AK Parti Sınıfta Kaldı

Sevgili okurlarım,
İnsanoğlu ne gariptir; hem bir şeyden şikâyet eder hem de o şikâyet ettiği şeyi bizzat kendisi yapar. Kurumlar, kuruluşlar, partiler de böyle işte. Bugün tam da bunun üstüne konuşacağız. Konu Eskişehir’deki AK Parti yöneticileri…
Bilen bilir, AK Parti’nin Eskişehir’deki temsilcileri yıllardır en çok basından yakınır. “Eskişehir basınını memnun etmek zordur”, “Yanlı yayın yapıyorlar” falan filan… Bizzat kendilerinden duydum bu serzenişleri. Hatta öyle ki bazıları çıkıp “Kapımız herkese açık, bir telefon kadar yakınız” diyerek şov yapar. İş lafa gelince mangalda kül bırakmazlar, ama uygulamada pek de öyle olmuyor. Bakın, ben basın mensubuyum.
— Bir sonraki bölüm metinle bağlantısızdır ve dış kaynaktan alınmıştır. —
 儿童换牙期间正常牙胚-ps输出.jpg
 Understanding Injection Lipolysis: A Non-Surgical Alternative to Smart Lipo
Ocak ayından bu yana sadece iki defa AK Parti İl Başkanı ile görüşebildim; o da basın toplantısında ayaküstü. Yani öyle dendiği gibi “bir telefon kadar” değiliz. Demek ki o kapı, herkes için değil, belirli yayın organları için açık.
Kendi gözümle gördüm, yaşadım: Basın arıyor, demeç almak istiyor, yayın yapmak istiyor. Siz “tabii” diyorsunuz, “tamam” diyorsunuz ama sonra öncelediğiniz hep başka. Öncelik, sizinle aynı çizgide yayın yapanlara. Böyle yaparak geri kalan basını küstürüyorsunuz. Sonra da çıkıp “Eskişehir basını yanlı!” diye veryansın ediyorsunuz. Kusura bakmayın da o yanlılığı siz kendiniz körüklüyorsunuz. Siz arayana cevap vermez, ulaşılmaz olursanız, sadece hoşunuza giden kanallara demeç dağıtırsanız; geriye kalan basını da mecburen sizden uzaklaştırırsınız. Ondan sonra da “Basın bize karşı” diye mağdur rolüne bürünmek, kusura bakmayın ama inandırıcı değil.
Diyeceğim şu ki; Eskişehir’de AK Parti yöneticileri bu konuda sınıfta kaldı. Bu notu da onlara ben, bir gazeteci olarak veriyorum.